Pain, tears, pain, frustration, more tears, and of course a spot more pain, were pretty much par for the course over the next four months. I was eventually moved from Leeds General Infirmary, where I'd had my operation, to a Young Person's Rehabilitation ward at Ida hospital, a few miles away.  This sounds pretty good until you find out that 'young person' means under 65. I spent my 18th birthday as an impatient inpatient there, although they were good enough to let me go out for a meal with my family to celebrate. Going back after that was not good times.

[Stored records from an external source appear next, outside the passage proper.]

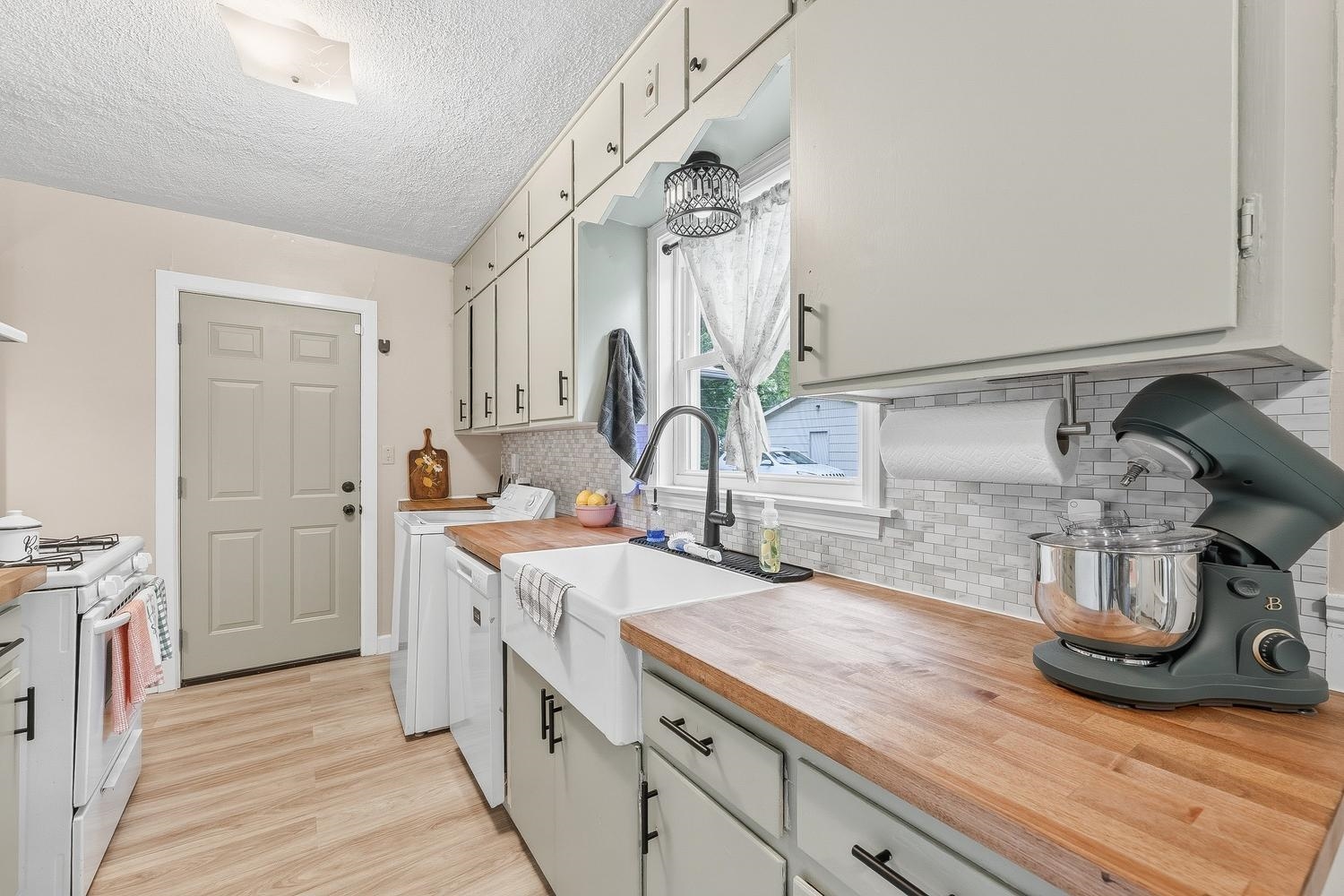 712 E 17th Winfield KS 67156
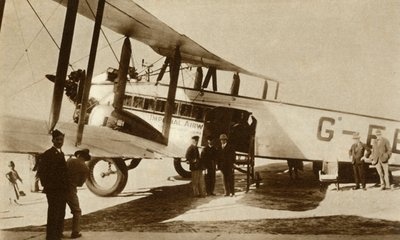 O primeiro correio aéreo indiano chega ao aeroporto de Croydon, sul de Londres, 1929, 1935. de Unbekannt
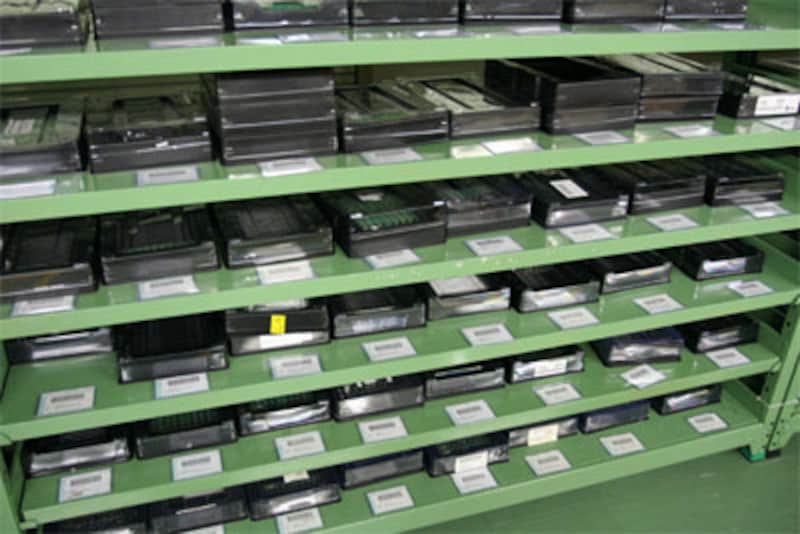 修理用パーツ棚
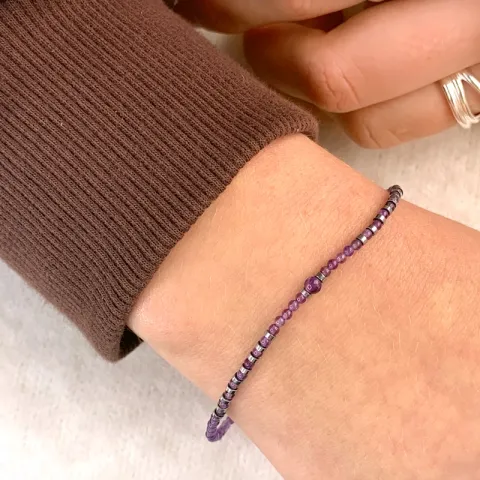 Elegant armbånd med ametyst og hematite.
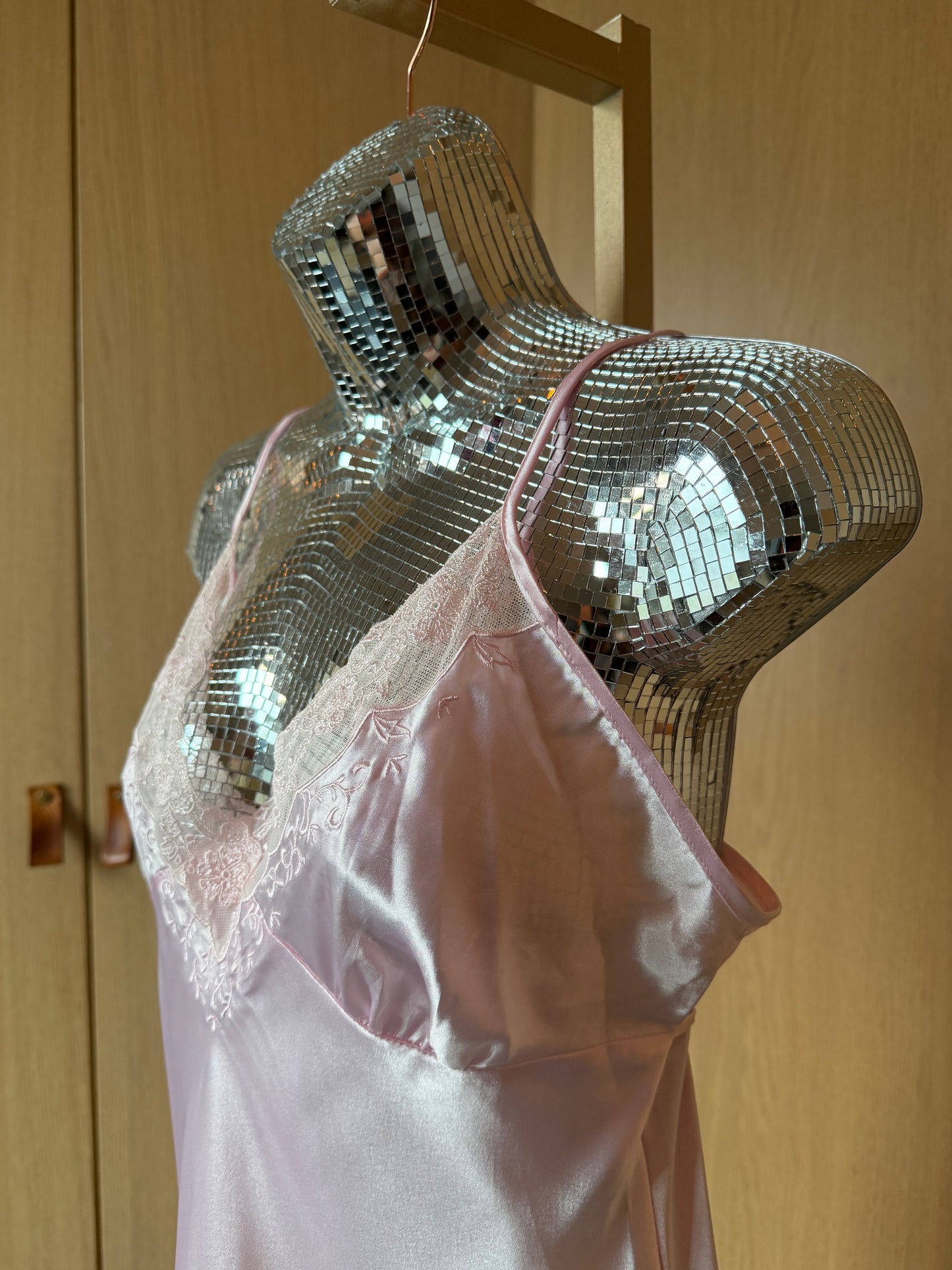 California Dynasty ~ Expressions (S) 💗⭐️🧚🌸 vintage late 90's early 2000's y2k soft blush fairy god mother maxi satin silky night gown slip dress, pink, cream (factory tag: S)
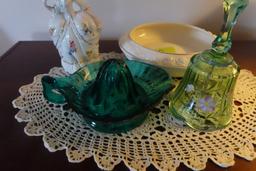 TABLE LOT INCLUDING GREEN GLASS JUICER FENTON BELL AND FIGURINES AND ROSE B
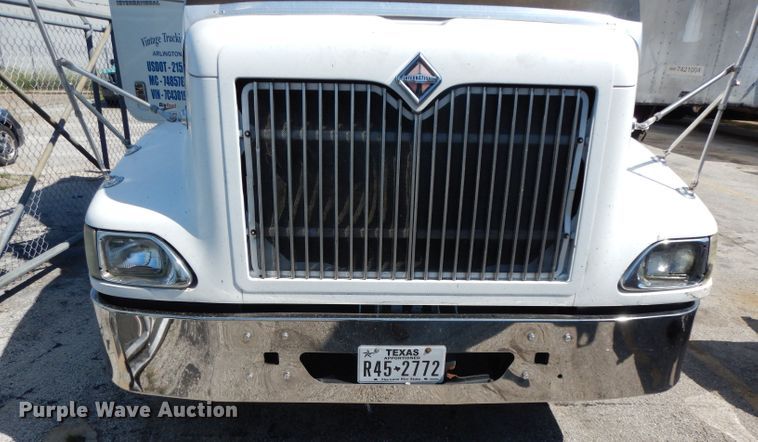 image for item DH5349 2007 International 9400i semi truck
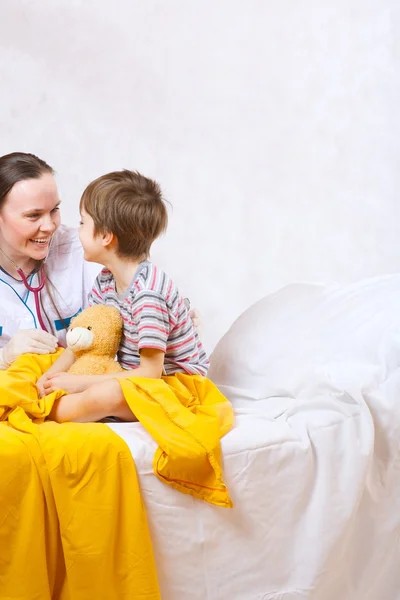 子供と彼女のキャビネットに小児科医 — ストック写真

Yes it was a long old haul, hence the title of the post, and yes it was horrific in part, so why, you might ask, the reminiscing?

Bed & Board
Well, it all comes back to what I was saying about the memory playing tricks. When I think back to those days the agonies and heartaches are still there, but they have faded somewhat as the years have passed, moving from foreground to background, losing colour and volume. What remain most strongly with me are, rather perversely, things like the late night cards and horror movie session with Darren, the long term patient in the next bed, the night nurses including us both  in the midnight fast food orders of pizza and burgers, my parents going to the visitors cafeteria to get me some chips, and of course the wonderful Bonnie, one of the ward sisters, making me lasagne when my family were on holiday (can you tell I was never a fan of hospital food?). Yes, it's fair to say that when I look back there are actually some memories which are rather... nice.


via GIPHY

It seems to me like my mind has turned up the volume on the good memeories whilst the bad have been relegated to background noise, possibly as some kind of self protection mechanism. Speaking to my erstwhie other half, Tina, it would appear that she has the same experience regarding the birth of my step-daughter, Sarah (and as she said, if the pain didn't fade, who would go through childbirth again?).

ThisToo shall Pass
It's good to know that whatever life chucks at you, once on the other side, it' possible for the bad to fade and that with a little time and distance we can come out of such things with at least the possibility of a glimmer of something positive. I know my experience is not universal I know this will not and can not apply  to everyone but, personally at least, I find that possibility one that gives me a heck of a lot of courage for the future.